Tuner.fit() never terminates

Hi all. I have quite a perplexing problem: when num_samples=1 in the ray TuneConfig, then the HPO runs as expected and terminates after 1 trial. But when num_samples=x , with x>1, then the HPO runs indefinitely; it runs as expected for the first x trials, and then keeps training additional runs with the first set of trial params. Also, this only happens when trying to set the resources (CPUs/GPUs). Any ideas?

  • I’m not running on a cluster
  • I have ray 2.0.0 installed
  • seems to only occur when trying to use a GPU

Example: runs in red box are what is supposed to run. All other trials are not supposed to run, and get run with the first trial’s param values:

In case it’s useful…

  • I’m on Amazon Linux
  • my training function uses the “function API”:
    • starts 3 nested mlflow runs to train 3 models on different validation splits
    • averages metric across folds and calls session.report

Tuner looks like

PARAM_SPACE = {
    "dropout": tune.uniform(0.1, 0.5),
    <etc.>
    "mlflow": {
        "experiment_name": experiment_name,
        "tracking_uri": MLFLOW_TRACKING_URI,
    },
}


TUNE_CONFIG = tune.TuneConfig(
    metric=metric,
    mode="min",
    num_samples=n_trials,
    search_alg=OptunaSearch(),
    scheduler=MedianStoppingRule(),
)

tuner = tune.Tuner(
        tune.with_resources(objective, resources={"cpu": n_cpus_trial, "gpu": n_gpus_trial}),
        tune_config=TUNE_CONFIG,
        run_config=air.RunConfig(),
        param_space=PARAM_SPACE,
    )

 tuner.fit()

Can’t reproduce with this script:

import ray
from ray import tune, air
from ray.tune.suggest.optuna import OptunaSearch
from ray.tune.schedulers.median_stopping_rule import MedianStoppingRule

PARAM_SPACE = {
    "dropout": tune.uniform(0.1, 0.5),
}


TUNE_CONFIG = tune.TuneConfig(
    metric="_metric",
    mode="min",
    num_samples=2,
    search_alg=OptunaSearch(),
    scheduler=MedianStoppingRule(),
)


def objective(config):
    return 4


ray.init(num_cpus=4, num_gpus=1)

tuner = tune.Tuner(
        tune.with_resources(objective, resources={"cpu": 1, "gpu": 1}),
        tune_config=TUNE_CONFIG,
        run_config=air.RunConfig(),
        param_space=PARAM_SPACE,
    )

tuner.fit()

Can you try this out and let me know if the problem still comes up? If not, can you adjust the example so that it does?
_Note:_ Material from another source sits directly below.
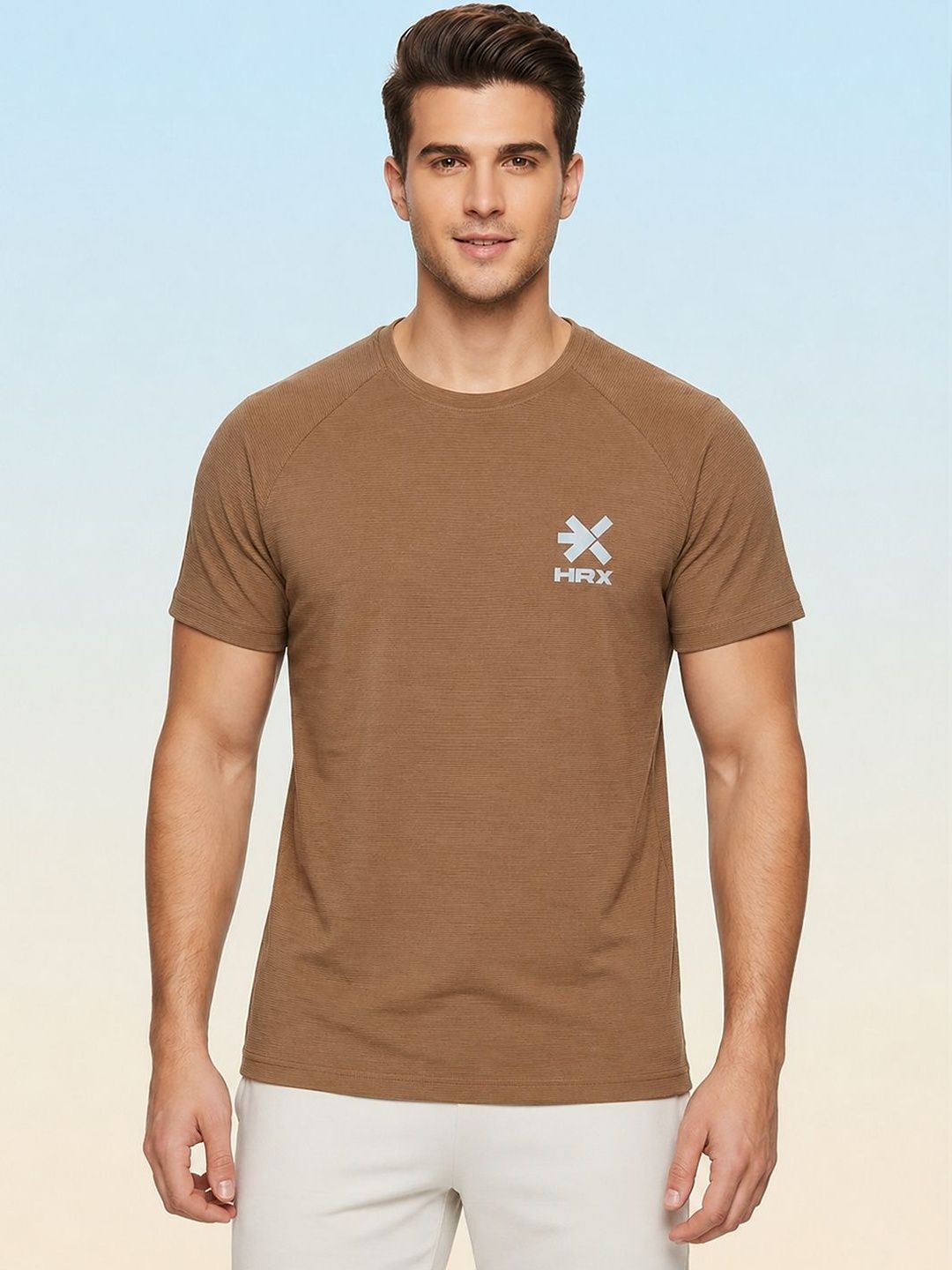 HRX by Hrithik Roshan Brand Logo Printed Round Neck T-shirt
Generally this looks like an issue on the nested mlflow side. What is the log output from Tune?

@kai unfortunately, I can’t seem to create a simple minimal example (as opposed to my admittedly complicated objective) where I see this behavior, so I will close this for now.
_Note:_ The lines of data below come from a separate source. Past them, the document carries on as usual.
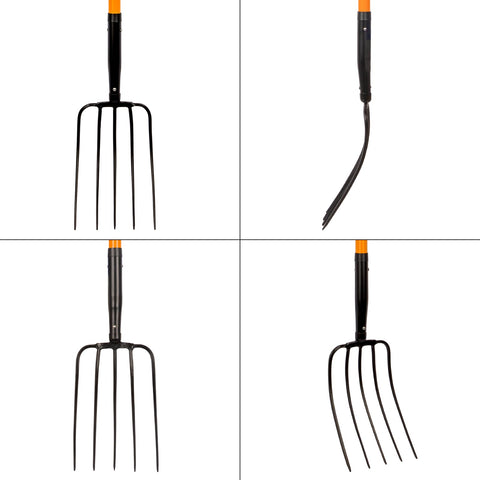 VNIMTI pitch fork fiberglass handle close-up highlights lightweight, durable grip
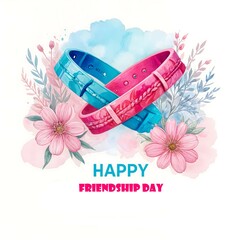 Wall Mural - friendship day background with watercolor bracelets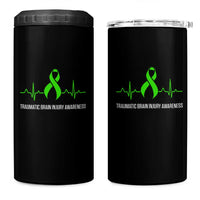 Traumatic Brain Injury Awareness 4 in 1 Can Cooler Tumbler TBI Warrior Heartbeat Green Ribbon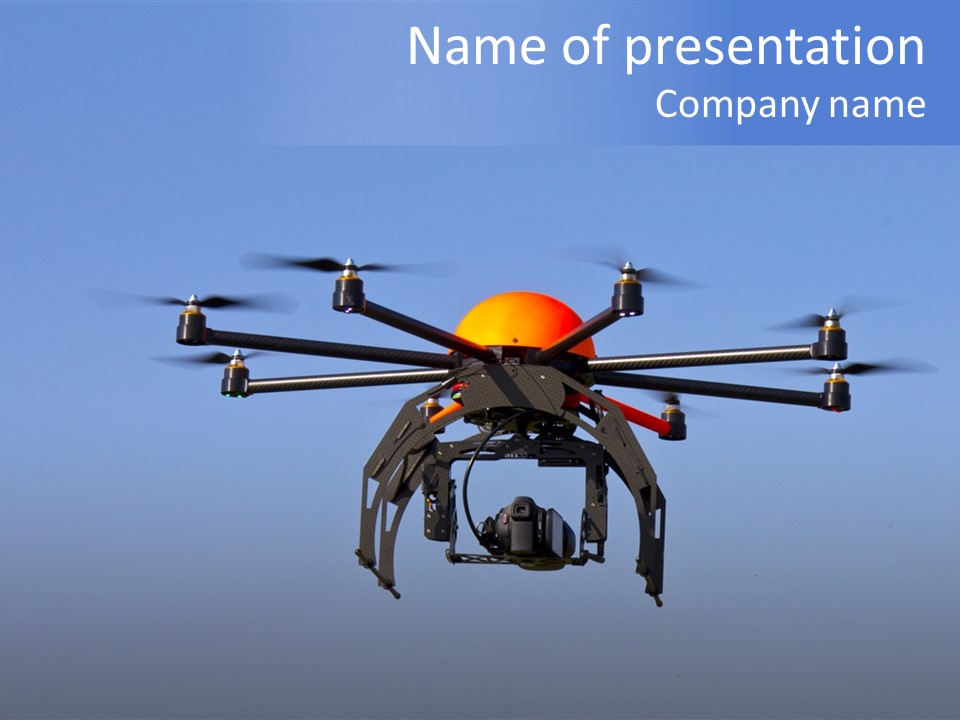 Viewpoint Octocopter Blue PowerPoint Template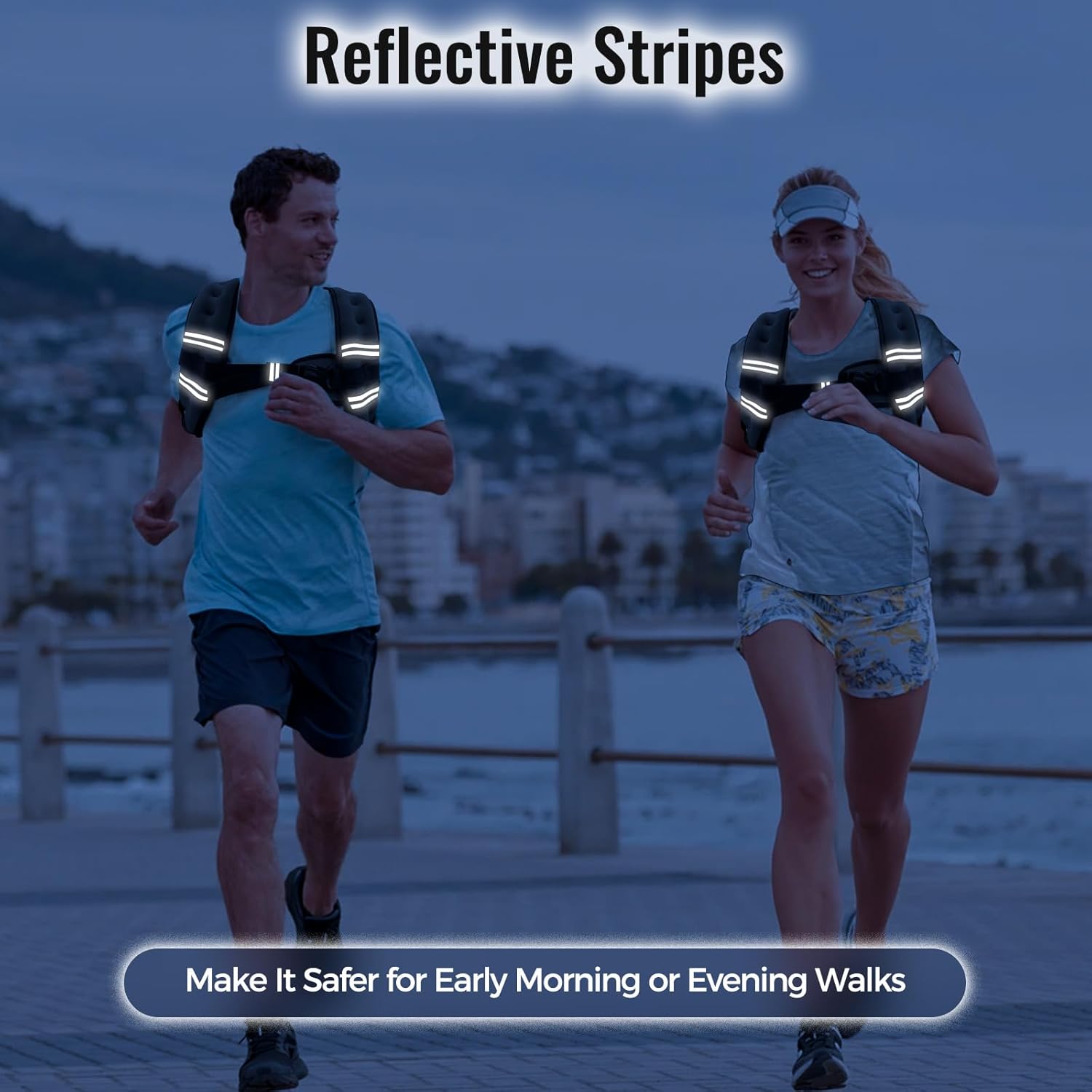Zeerun Weighted Vest for Women & Men with Reflective Stripe and Adjustable Buckle, Comfortable & Durable Rucking Vest for Walking, Running & Strength Training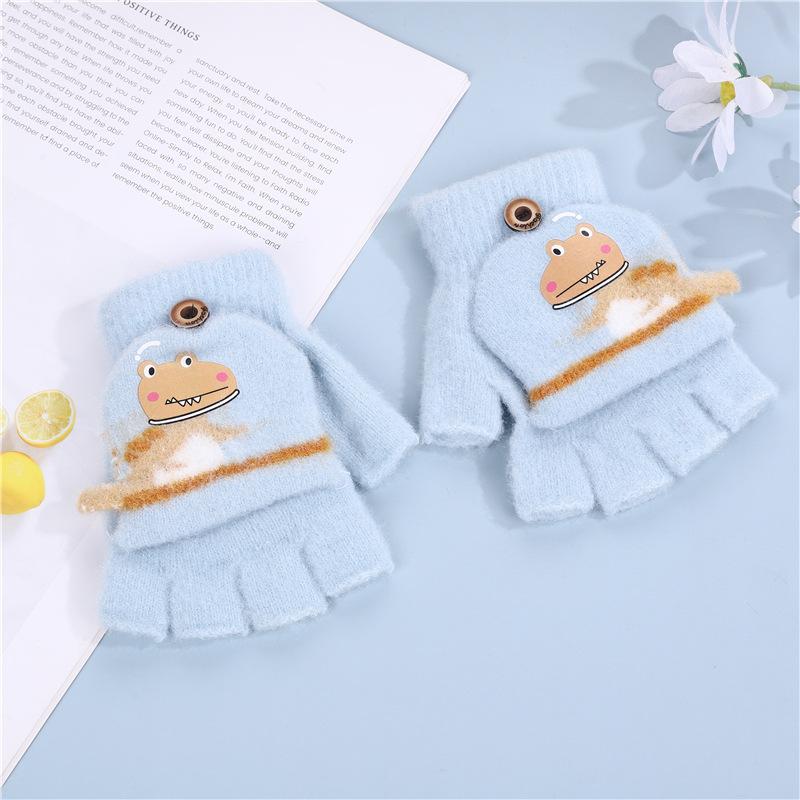 Children's Flip-top Gloves Cute Cartoon Dinosaur Boy Baby Kindergarten Winter Warm Half-finger Wool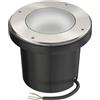 ledscom.de Lampada da incasso a pavimento BOFU per esterni, IP67, orientabile, acciaio inox, vetro satinato, 150 mm Ø, incl. lampada LED 7,6W 1103lm, 33°, bianco caldo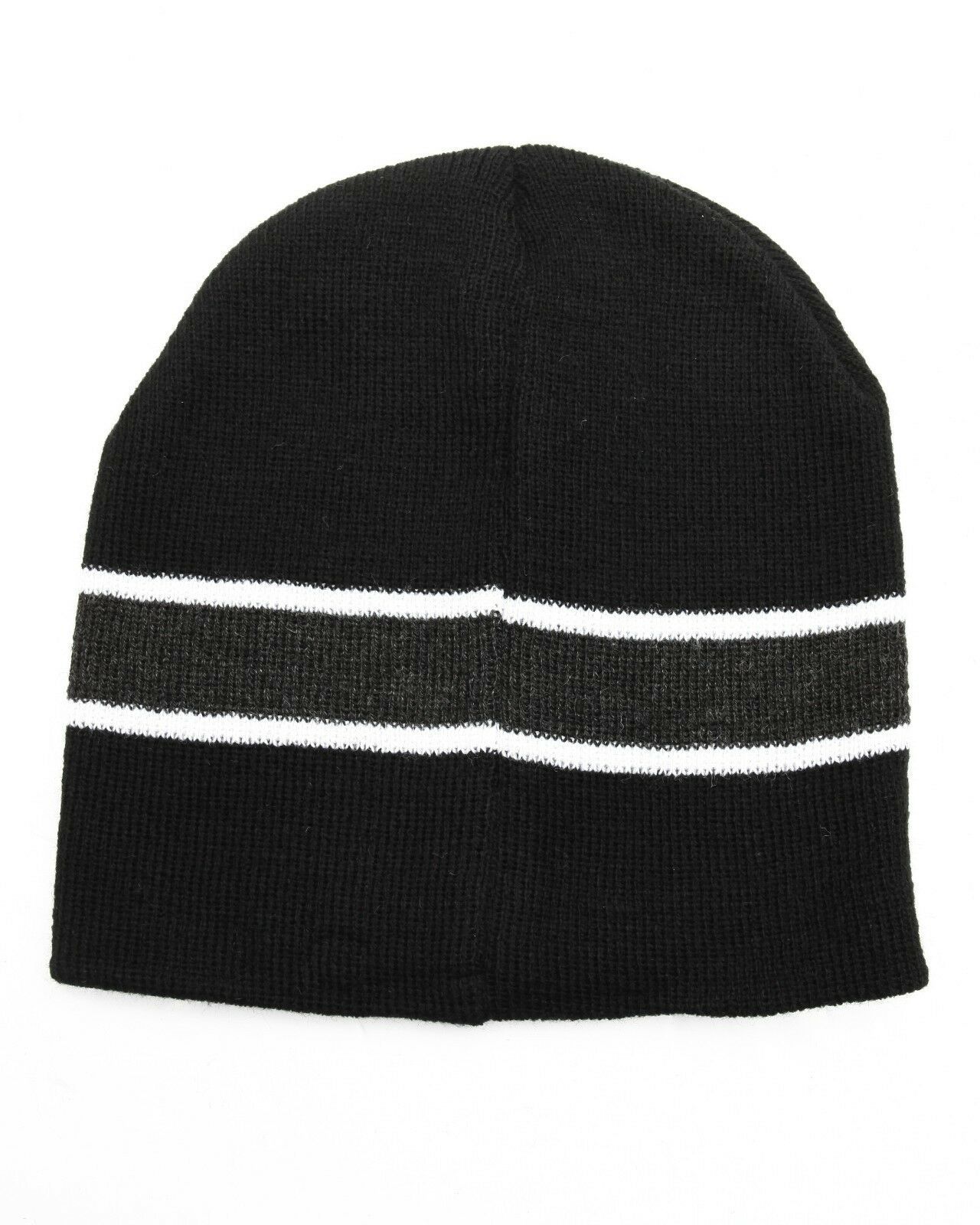 KB ETHOS Striped Black, White & Gray Knit Winter Hat Beanie Toque - Men ...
Thank you for the response.

This is 2 years down the line but since this is the only thread I could find, and it doesn’t have an actual solution, I thought I would reply so people can find it easily.

I ran into the same issue trying to run my script in a container with a docker exec ... command and the tuner.fit call would hang before exiting.

I discovered that running the command with pseudo-tty on (aka docker exec -t ...) makes the issue go away. Not sure what the underlying cause is but it fixed the issue for me.

One thing I’m still trying to figure out though is it’s not working if i call it from my airflow container. Is it because it’s not running a TTY session when invoking the script?